China Real Estate Index System (CREIS) mencatat penurunan harga selama tiga bulan berturut-turut, Mei-Juli 2014. Bahkan, beberapa kota mengalami vakum penjualan.
Indeks tersebut juga menunjukkan harga rumah baru per Juli turun 0,81 persen dibanding Juni. Penurunan harga ini terjadi di 76 kota dari total 100 kota yang disurvei. Sementara 24 kota lainnya justru mengalami peningkatan.
Shanghai dan Beijing yang notabene merupakan pasar paling kuat pun tak kuasa menahan gelombang arus kejatuhan. Dua kota ini bergabung dengan delapan kota besar lainnya yang juga diterpa kejatuhan harga.
"Pasar tertekan akibat pasokan segunung dan rasio utang yang tinggi. Pengembang pun terpaksa memangkas harga jual untuk mengejar target penjualan," tulis CREIS.
Walhasil, beberapa kota pun memilih untuk menganulir kebijakan pembatasan pembelian properti demi meningkatkan penjualan dan mengatasi utang yang bertumpuk. Jumat (1/8/2014), sebanyak 60 persen dari 46 kota yang menerapkan kebijakan pembatasan pembelian, mulai merevisinya.
Namun, menganulir kebijakan pembatasan pembelian properti tersebut dianggap tidak cukup untuk mengembalikan keadaan seperti semula.

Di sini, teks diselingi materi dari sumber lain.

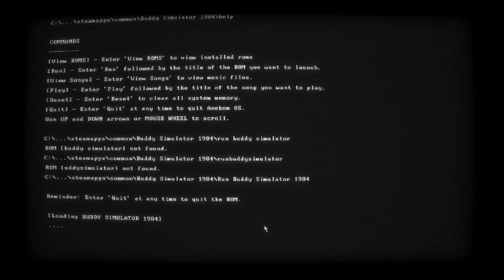Oh my god. Thank god. I've been trying to do this forever. Welcome to buddy... Sim 1984. Great.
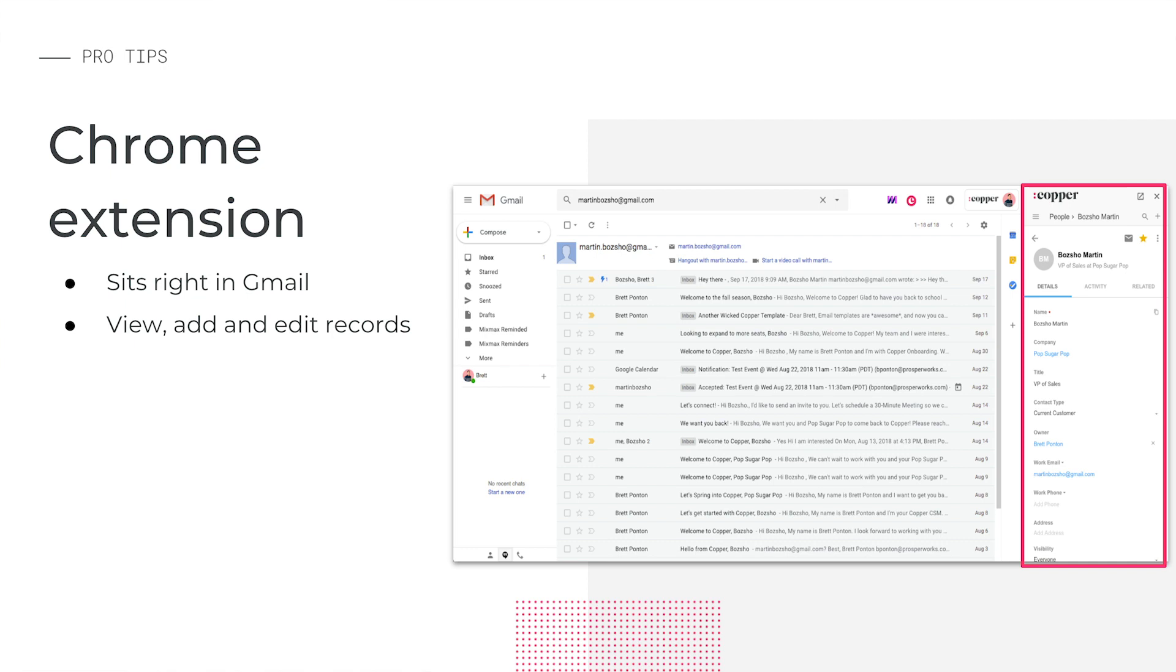You can also do all of the daily work you need to do in Copper right from the Chrome extension: records management, email tracking, sending email templates.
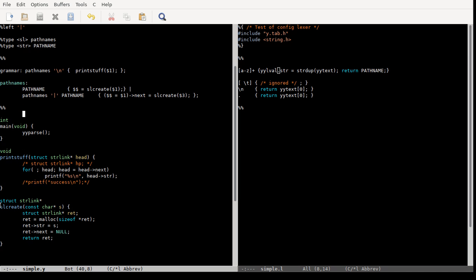The sl_create function allocates space for a string and stores the string pointer. If you don't allocate space for the string you'll get some weird bugs. That's basically what it is — you can have recursive rules that allow you to create lists of things.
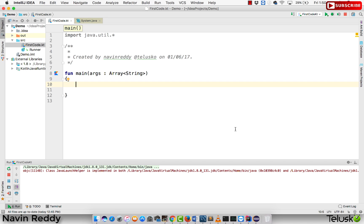Taking input from user is actually very, very difficult in Kotlin — you have to write 10 lines of code to get the input. That's not the case, right? This is one of the easiest languages. But before knowing how to take input from the user in Kotlin, let's try to understand how you used to do it in Java.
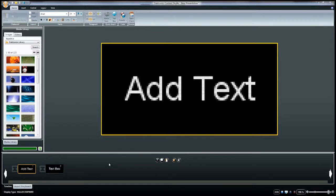There are many modifications you can do to the text contained in your presentation. This video highlights some of the changes that can be made, but does not cover all available options.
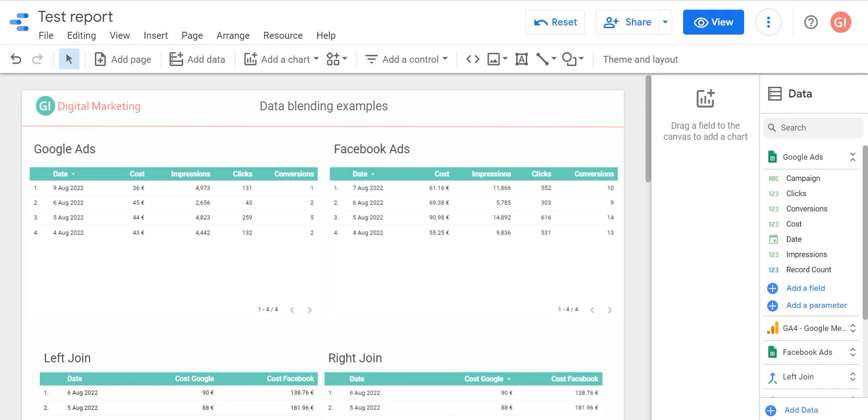Hi, my name is Gala. I'm a Google Data Studio expert and today I would like to continue to talk about blended data in Google Data Studio.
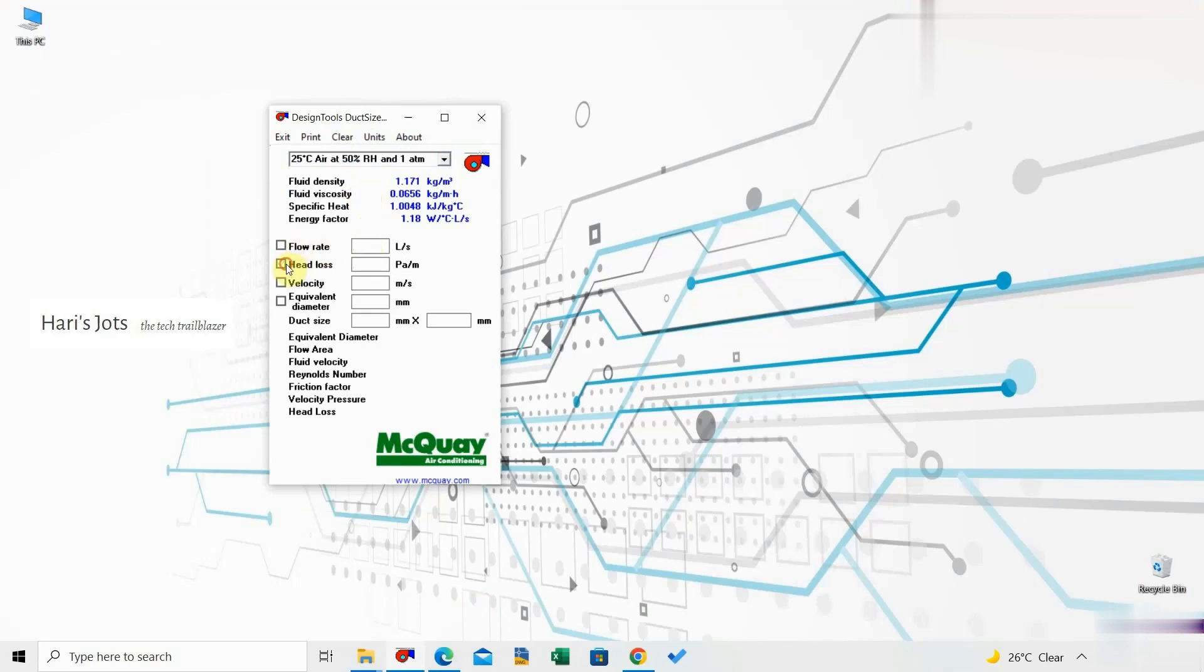You can assign the air flow rates in the program and please make sure of the units before the entry. Specify a minimum velocity for the HVAC ductwork. The program will tell you the equivalent duct diameter.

Market Research Director Centaline Property Agency Ltd, Zhang Dawei, mengatakan bahwa tindakan tersebut tidak cukup untuk menopang pasar. Zhang mendesak dukungan kredit yang lebih untuk menghidupkan kembali sektor yang menyumbang sekitar 15 persen dari PDB dan langsung mempengaruhi sekitar 40 sektor usaha lain di Tiongkok.
"Kredit dan penawaran kredit memainkan peran penting di pasar properti," kata Zhang.
Para analis mengatakan melemahnya pasar properti mengancam pertumbuhan ekonomi yang baru saja menunjukkan tanda-tanda perbaikan setelah melalui "gejolak" pada semester pertama 2014.